• Instructions for the task
Exactly as written, retype the listing below, omitting the pictures.

• Dataset content
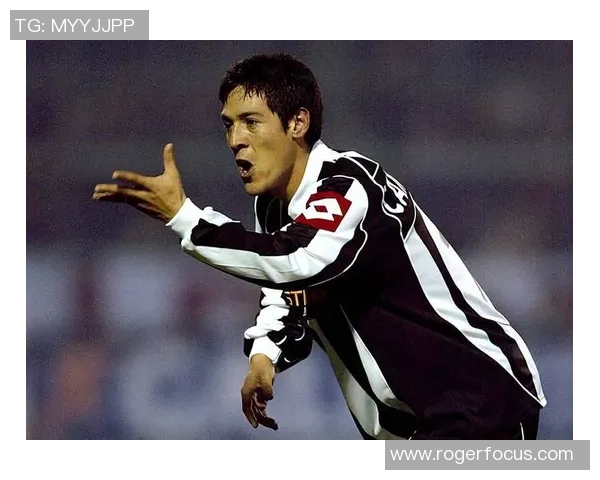 足球明星在巅峰时期的颜值与魅力展现了他们的风采与个性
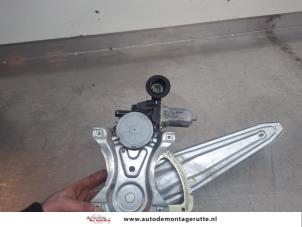 O197328 Gebruikte ruitmechaniek 4deurs links-achter Toyota Auris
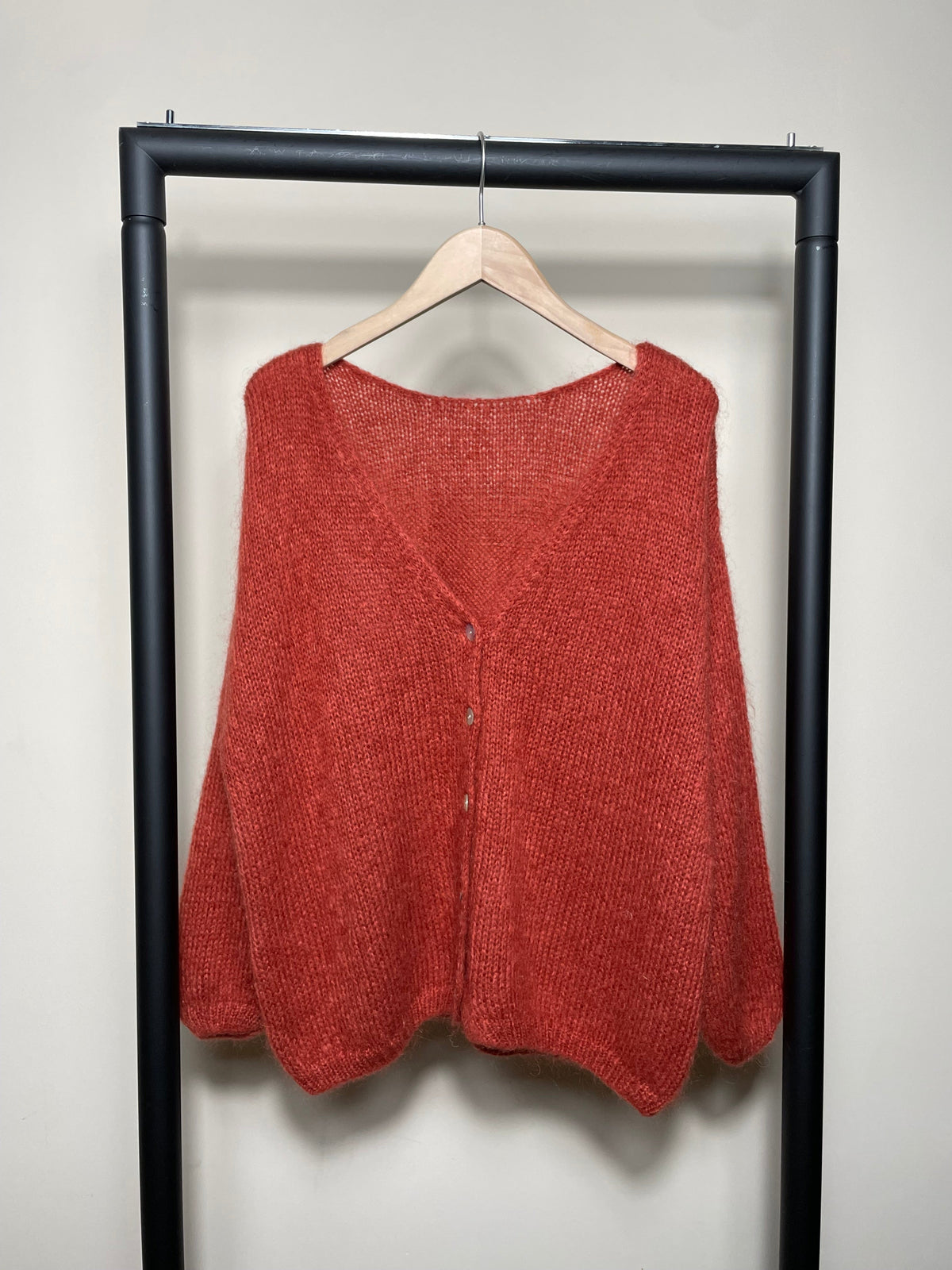 Women's knitted V-neck button cardigan with long sleeves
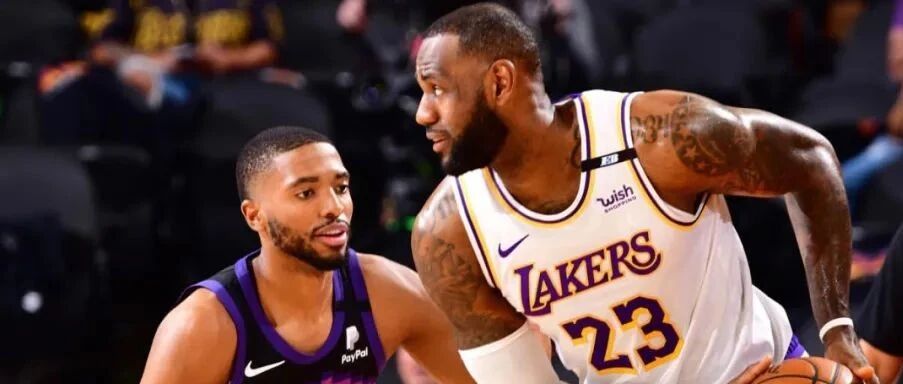 爆发冲突！詹姆斯被拽伤！湖人输掉了G1！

• Solution to the problem
 足球明星在巅峰时期的颜值与魅力展现了他们的风采与个性
 O197328 Gebruikte ruitmechaniek 4deurs links-achter Toyota Auris
 Women's knitted V-neck button cardigan with long sleeves
 爆发冲突！詹姆斯被拽伤！湖人输掉了G1！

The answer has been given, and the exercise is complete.